As I’ve said many times in the past the supposed Republican fidelity to fiscal responsibility and their concern about rising Federal Budget deficits and the National Debt is something that has proven to be little more than a political slogan that was largely based on who controlled the White House. During the Presidencies of Bill Clinton and Barack Obama, for example, Republicans argued that out of control spending and deficits were destined to drive up interest rates, cause the national debt to explode, and increase interest rates. They used these issues as political cudgels against the Democratic White House during both Administrations and, of course, as a way to appeal to voters and supporters during the elections that took place during those Presidencies. During those times that the GOP managed to take control of both the White House and Congress, though, the message was quite different and the true nature of the Republican Party and its alleged concern for deficits and debt was revealed for the fraud it that it is.

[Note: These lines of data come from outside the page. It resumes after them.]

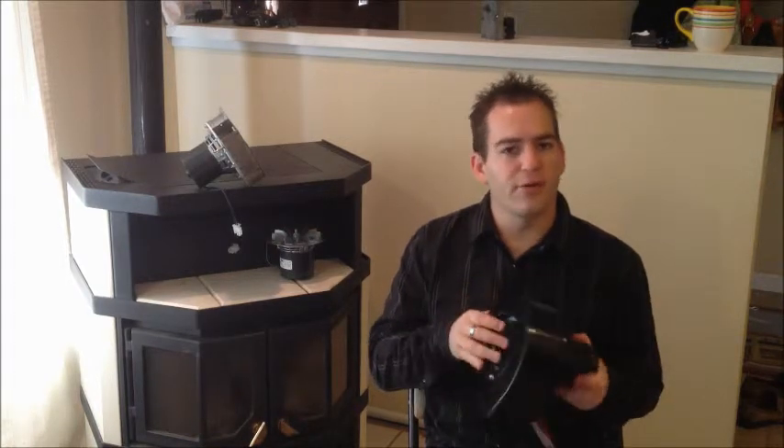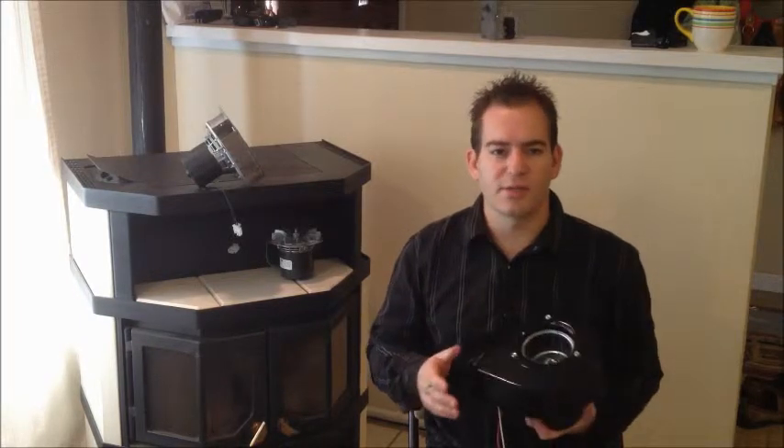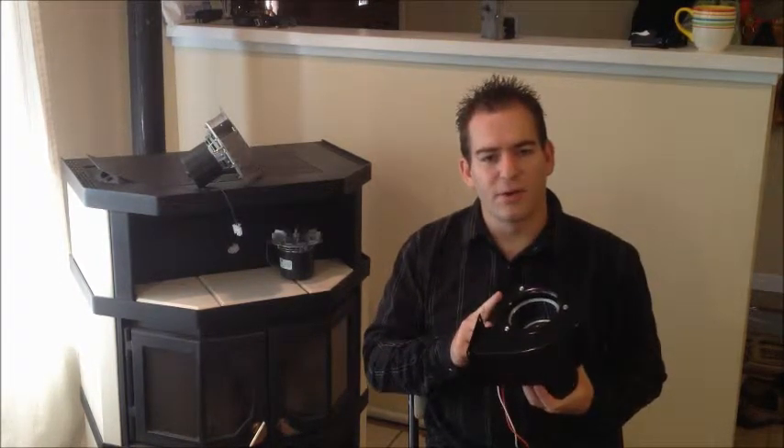This motor is whisper quiet — when it runs you should only hear the sound of air. When I replace a motor in a stove, I'll usually get into a conversation with the homeowner about how old the stove is and how long the motors lasted. Would it surprise you that I hear these motors are lasting 10, 12, 15 years or more?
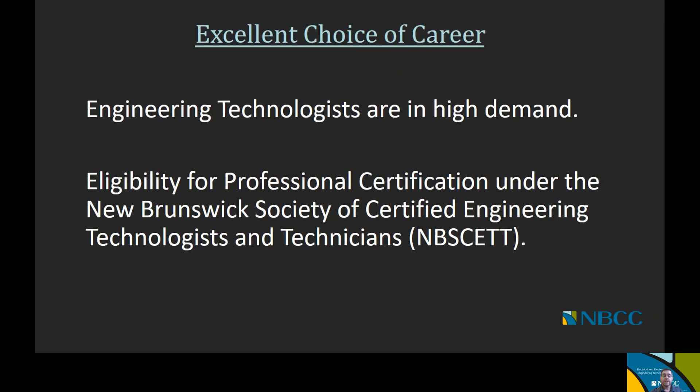From a career perspective, engineering technologists are definitely in very high demand. One of the benefits of graduating from our programs is that you'll be eligible for professional certification under the New Brunswick Society of Certified Engineering Technologists and Technicians, once you've completed a sufficient number of years of relevant industry experience. That means you can become a professional technologist upon graduation and completing the experience requirements from the society.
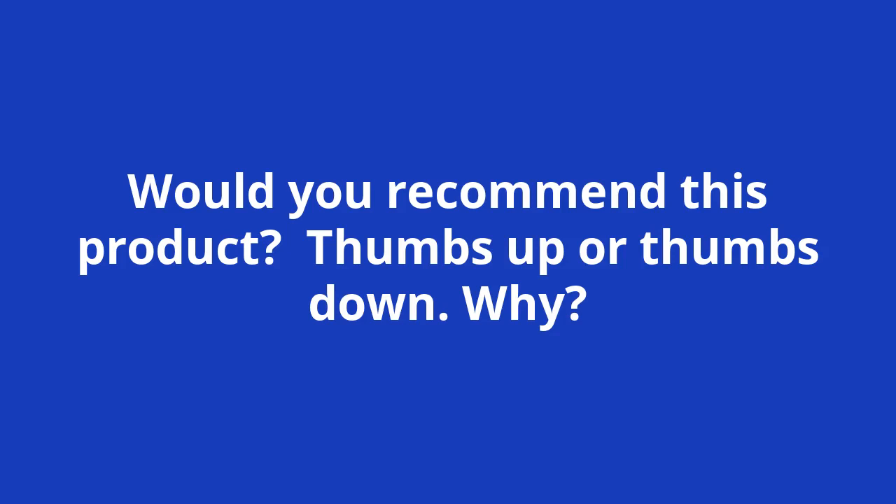Efficient. I would definitely recommend this product because it helps companies streamline their hiring process and hire candidates who have a better assessment score.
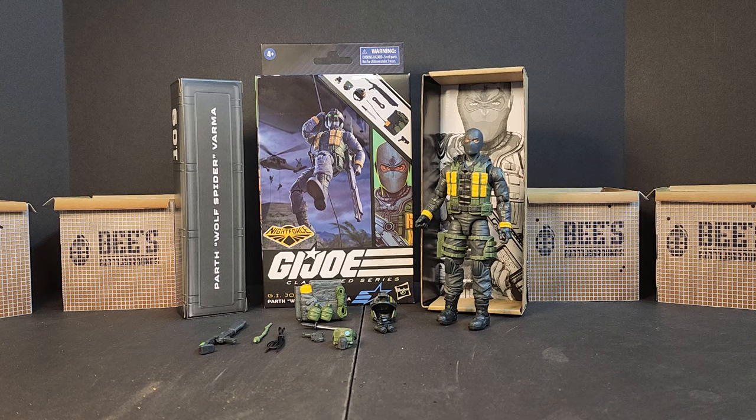Hello everyone, welcome to these battlegrounds, I'm Bobby B. Today we're looking at the GI Joe Classified Series number 109 — we broke 100 folks! Parth Wolf Spider Varma. He appeared last week or so. My friend Brett found him at a local shop overseas online and asked if I knew anything about him. I shared the pictures and everybody ran with it from there. Hasbro hasn't even dropped this guy yet but clearly he's in production and ready to go. He's Night Force, so I'm guessing he'll be a Walmart exclusive. We've got the Walmart Collector Con coming up in the fall, so we'll see.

During the Administration of George W. Bush, for example, Republicans managed to preside over massive increases in spending that were quite plainly fiscally irresponsible. On the domestic side of the equation, they introduced a massive new trillion dollar entitlement in the form of Medicare Part D without finding a way to pay for it. Similarly, they introduced education policy legislation such as the No Child Left Behind program that led to increases in Federal spending, again without any provisions about how it was going to be paid for in the future. Under President Bush’s leadership, they authorized and fought two wars, only of which was actually justified and necessary, that imposed serious financial burdens on the Federal Government both while the war was being fought and well into the future. On top of all that, they cut taxes. While that is not a bad thing in and of itself, and I’m certainly not going to argue against the lower tax burden that I and most other Americans had during the Bush years, from the perspective of fiscal responsibility it’s an utterly insane strategy. This is especially true with respect to the issue of the Iraq and Afghanistan Wars. In the past, we had traditionally found ways to finance wars via what usually ended up being a combination of higher taxes and short-term debt in the form of war bonds and other means of financing. No such effort was made to do this during the Bush years even though it’s likely that the White House could have made a convincing political argument that we needed to find a way to pay for the war that was necessitated by the September 11th attacks. Instead, President Bush chose to basically let the political capital he had gained in the wake of the attacks and the Republican Party in Congress took the position of Alfred E. Neuman and adopted a “What, me worry?” position when it came to fiscal responsibility.
Now that there’ another Republican in the Oval Office, the GOP is returning to form.